### TO DO
Go to the line in the entries below that holds "Rzeszow, Polonya - 15" and repeat exactly from there through the line that holds "Cristianos - Edificio Rosamar Daire *", inclusive.

### PROVIDED RECORDS
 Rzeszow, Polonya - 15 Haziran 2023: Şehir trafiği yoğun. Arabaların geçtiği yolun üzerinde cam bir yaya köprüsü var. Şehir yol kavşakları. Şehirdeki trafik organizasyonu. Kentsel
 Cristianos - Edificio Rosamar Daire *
---
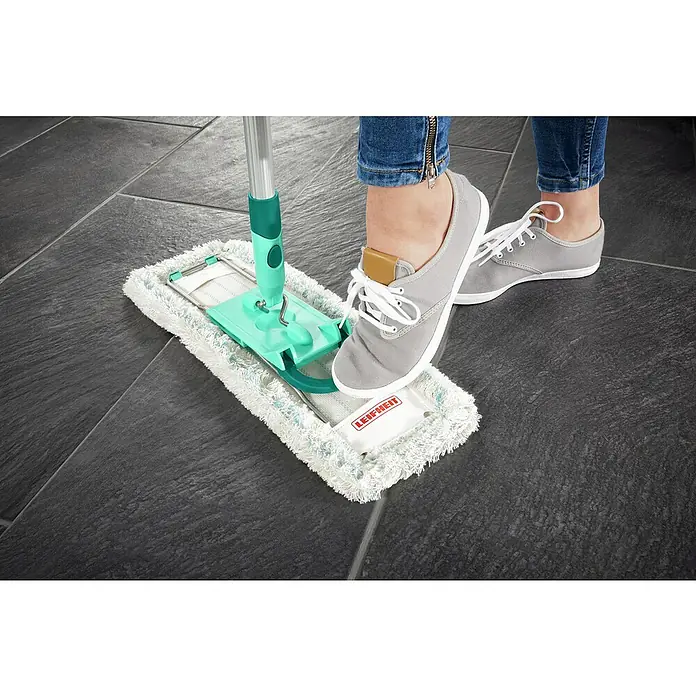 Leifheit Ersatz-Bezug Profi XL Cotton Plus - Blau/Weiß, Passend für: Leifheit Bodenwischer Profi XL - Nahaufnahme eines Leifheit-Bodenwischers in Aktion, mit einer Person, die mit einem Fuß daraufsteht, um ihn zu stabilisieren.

### EXERCISE SOLUTION
 Rzeszow, Polonya - 15 Haziran 2023: Şehir trafiği yoğun. Arabaların geçtiği yolun üzerinde cam bir yaya köprüsü var. Şehir yol kavşakları. Şehirdeki trafik organizasyonu. Kentsel
 Cristianos - Edificio Rosamar Daire *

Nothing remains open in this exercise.